Like it's Diageo cousin down the road in Blair Athol, visitors are allowed a safety-conscious view of one warehouse through a pane of glass. Spirits - ho-ho - are raised when a bottle of new make spirit is produced. However, it's not for tasting and only for rubbing on our hands. Are they scared of swine-flu or something?

The tour ends with a thimble sized 'dram' in the new visitor centre. All in all, the distillery and its staff were friendly and welcoming enough but everything is just too sterile and choreographed. Unfortunately, it would seem that booking onto a 'connoisseur' tour will only entitle you to sample a greater selection of Diageo brands rather than an in-depth tasting from the cask.
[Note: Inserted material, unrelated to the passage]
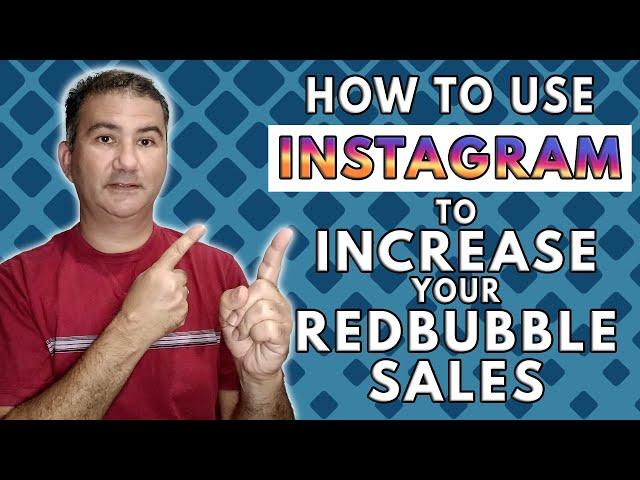 Use this way to increase your Redbubble sales through Instagram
Perhaps they have something to learn from the aforementioned GlenDronach.

I have since read though that a new manager intends to restore some independent character to Dalwhinnie. Good luck to him.

Friday, 16 April 2010

On the road - Blair Athol and Edradour



After a most satisfactory wee jaunt to Bladnoch in the depth of Lowlands, myself and interested partner head north to sample some of the highlights of the Highland whiskies. First stop is...

Pitlochry (Gaelic: Baile Choichridh). Population 2564. Average age 73.
The interested partner is actually present in a semi-professional capacity as she is scouting potential distilleries to add to whisky tours. She is looking for something different but still authentic and natural with which to impress whisky connoisseurs from the continent. Can we find this at Blair Athol? How will a distillery with a delicious malt present itself in a town of woolen mill shops that is a mecca to grey haired tourists?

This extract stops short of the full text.